Libyan PM Zeidan blames protestors and militias for recent violence that killed 32 people
Zeidan spoke late Friday, hours after Libyan militiamen attacked protesters who demanded the disbanding of the country's rampant armed groups.
Zeidan said the protesters carried weapons.
Hesham Mohamed said: "You can't open fire at people who are exchanging fire."
Witnesses there said they saw no weapons among the protesters.
Zeidan also said that after the government gave permission to protesters to hold their demonstrations in front of a mosque in Tripoli, protesters instead marched to the headquarters of the militia group.
The militiamen used heavy machine-guns and rocket-propelled grenades on the protesters.
At least 32 people were killed and almost 400 wounded in gun battles between Libyan militiamen and armed residents in Tripoli on Friday in some of the worst street fighting in the capital since the overthrow of Muammar Gaddafi.

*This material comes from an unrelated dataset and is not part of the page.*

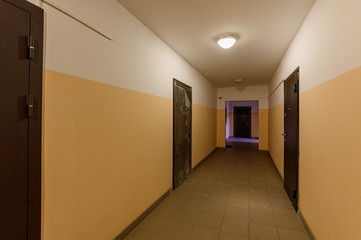 Russia, Moscow- October 19, 2019: interior room apartment public place, porch. doors, walls, corridors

Friday's bloodshed began when militiamen from the city of Misrata opened fire on about 500 protesters who had gathered outside the militia's headquarters, some of them carrying white flags, to demand their eviction from the capital.

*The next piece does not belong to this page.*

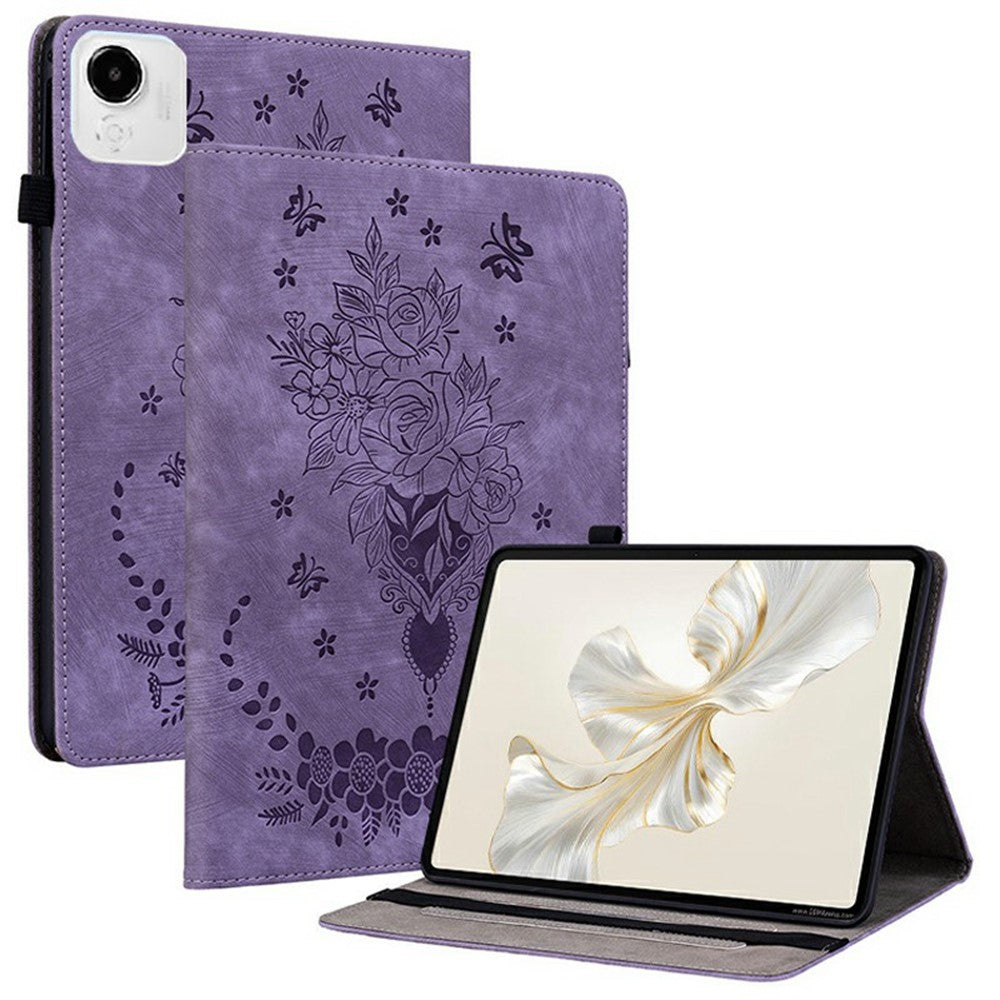 For Honor Pad X9a Case Card Holder Anti-Scratch Leather Cover Rose Flower Imprint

Tripoli local council leader Sadat al-Badri told AFP that the militia fired at the demonstrators from inside the militia headquarters.
A militia leader told private TV channel Al-Naba that the demonstrators had opened fire first.
A Reuters reporter saw an anti-aircraft cannon firing from the militia's gated compound into the crowd as protesters chanted: "We don't want armed militias!"
Demonstrators fled but then returned, heavily armed, to attack the compound, where the militiamen remained holed up until early morning as fighting continued. Rocket-propelled grenades could be heard.
Dozens of soldiers in trucks tried to separate the sides, and sealed off roads to stop more people joining the clashes.